Monday, December 25, 2023

An Excerpt from Chicken and Dumplings: Life is Meant to be Savored



           Starting Over and Letting Go: I'm a Rough Draft on My Way to Becoming Excellent
                                                           (c) 2023 Yolonda D. Coleman                                          

As much as I enjoy driving myself around, I love riding shotgun on long-distance trips. Put me to sleep while driving me to a vacation spot so I can awake to a nice stretch. On an autumn ride from Boston, I decided to stay awake and double-strand twist my damp hair. My boyfriend, at the time, made the drive from MA to MD in eight-hours flat. Even if there were potholes, he missed them in his Toyota 4Runner. My hands were steady and the ride was smooth. I had Dale's red detangler comb and a jar of hair gel. I was in the process of "going natural" because I had sworn off relaxers and perms, for the moment. Twisting my hair was self-care at its best. I later learned that letting go is the best self-care for everyone.

In 2002, I started experiencing some scalp discomfort. I ignored the dermatologist's warning that hair loss would progressively get worse over time; I was given at least ten years until my "permanent part" would widen in surface area. I ignored the doctor's orders to wash my hair in cold water and to stop applying heat to my hair. In fact, in 2005, I got a relaxer and a color because I was likely mourning my mother's death and needed a new face; I was going for a black Cuban look. It apparently worked. My bone-straight bronze hair was a great contrast against my coffee skin. I was feeling myself a bit when I walked the strip in Miami. A local resident began speaking to me in Spanish. I was able to speak a bit, but I tapped out beyond regular pleasantries. The hair was doing its thing, but it came with a price. I couldn't keep up with the look, and my skin began to betray me like that of the speaker in Audrey Lorde's Hanging Fire.
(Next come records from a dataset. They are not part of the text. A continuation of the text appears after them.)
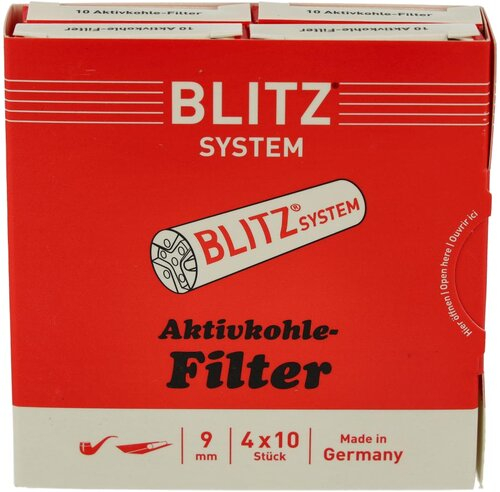 Blitz System Aktivkohlefilter 9mm 40 Stück Blitz System Aktivkohlefilter 9mm 40 Stück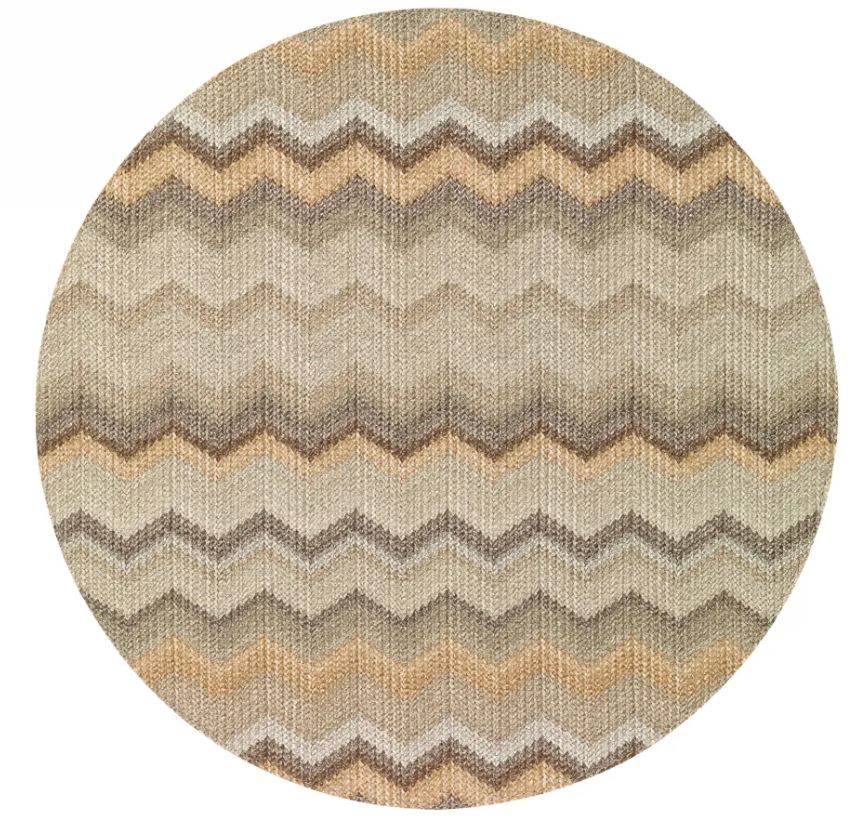 BARGELLO NEW GOLD 15" ROUND PLACEMAT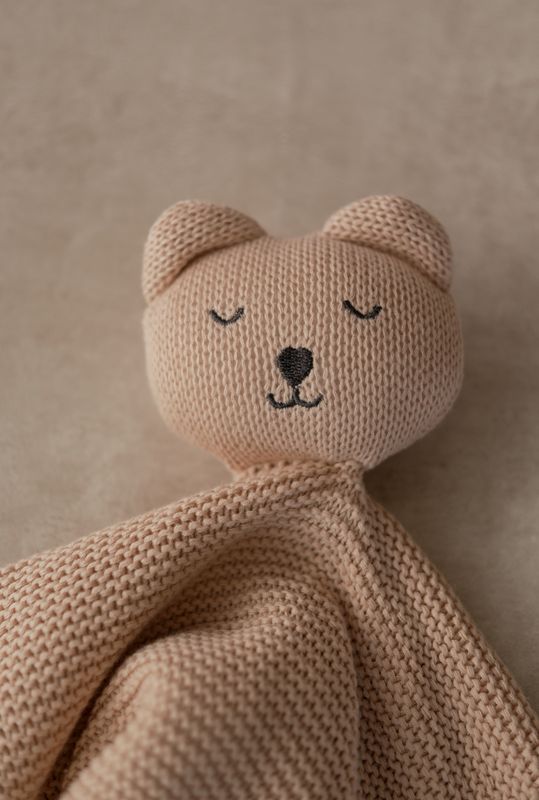 Soft koseklut bamse - desert beige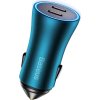 Nabíjačka do auta Baseus Golden Contactor Pro, 2x USB-C, 40 W (modrá)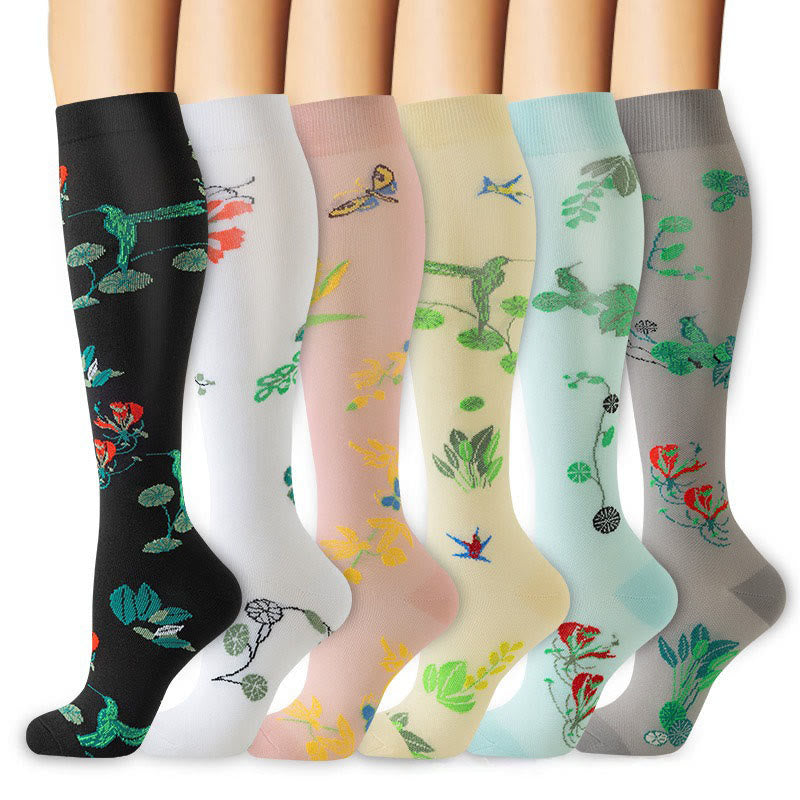Chaussettes de compression élégantes et de soutien (6 paires) - Multicolore - S/M - image 0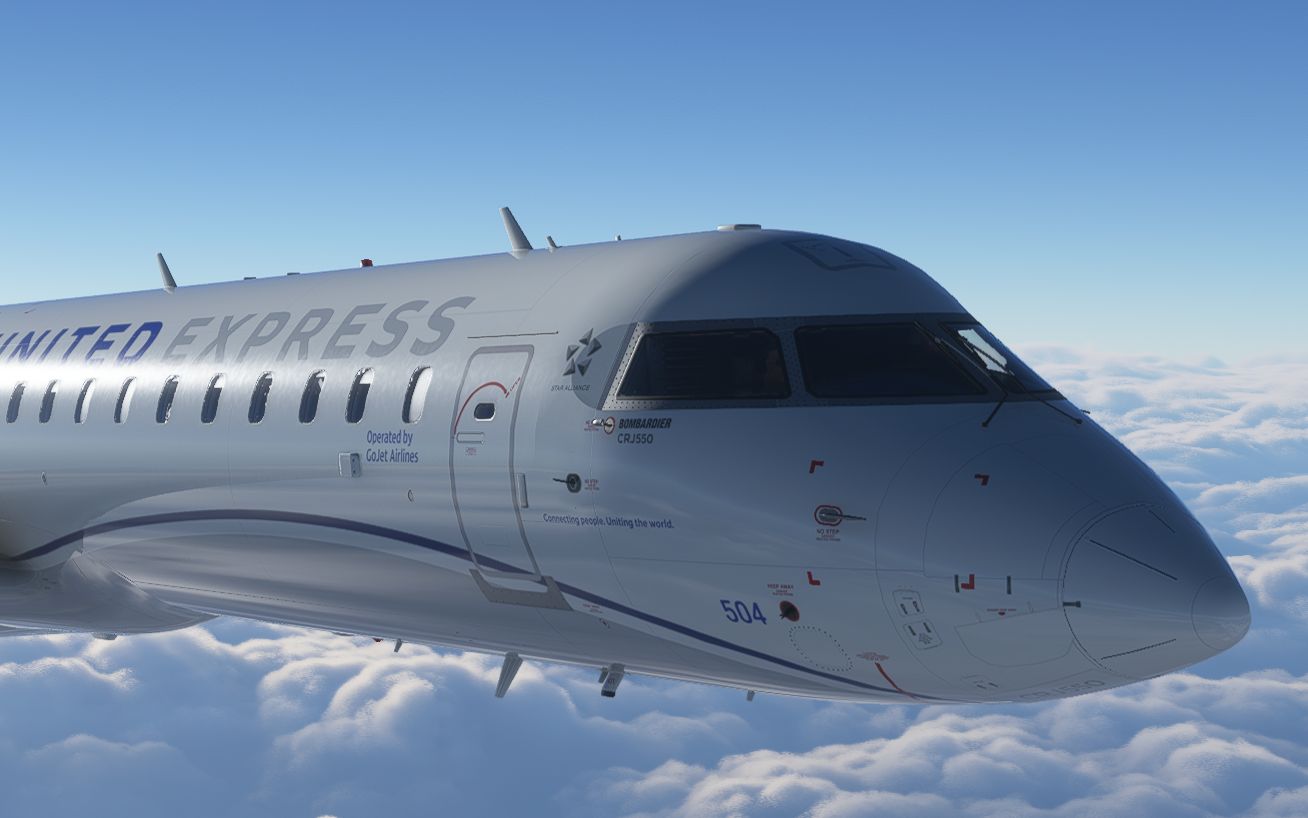 【超宽屏系列】模拟飞行2020-记录第一次-crj-550er落地-英国利物浦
Psoriasis, folliculitis, and eczema, were my enemies. It was the constant itching, cracking, and bleeding that sent me to seek medical attention; it was recommended that I get steroid injections, inflammation pills, etc. I neglected the appointments because, hey, I still had hair and was able to get the symptoms under control. I didn't go back to perming my hair, but I did flat iron the hell out of my follicles WITHOUT heat protection (didn't know). Over time, my thick hair became thin like tiny wires.

 After giving birth in 2015, I experienced some postpartum hair loss. It was nothing major, so I thought. From time-to-time, my sorority sister, J9, blesses me with head massages before she plays in my hair. She always sets me up nicely. However, in 2016, she braided it, but I noticed there was a one-inch gap between each cornrow. "This can't be right," I looked at my reflection in the mirror while inspecting my hair. It was indeed a problem happening before my eyes. It was back to the doctor's office. This time, I saw a trichologist and was diagnosed with a condition called CCCA (Central Centrifugal Cicatricial Alopecia). I was going bald. 

Geesh...the one thing that identified me in a crowd was cramping my style. I hid my hair loss behind wigs, wraps, and Kanekalon ponytails in public while feeling ashamed and embarrassed in private. There were silent tears, embarrassing moments, and times I hated looking at myself in the mirror. I can say now that I had some depressing moments, but my miracle child always affirmed me each morning.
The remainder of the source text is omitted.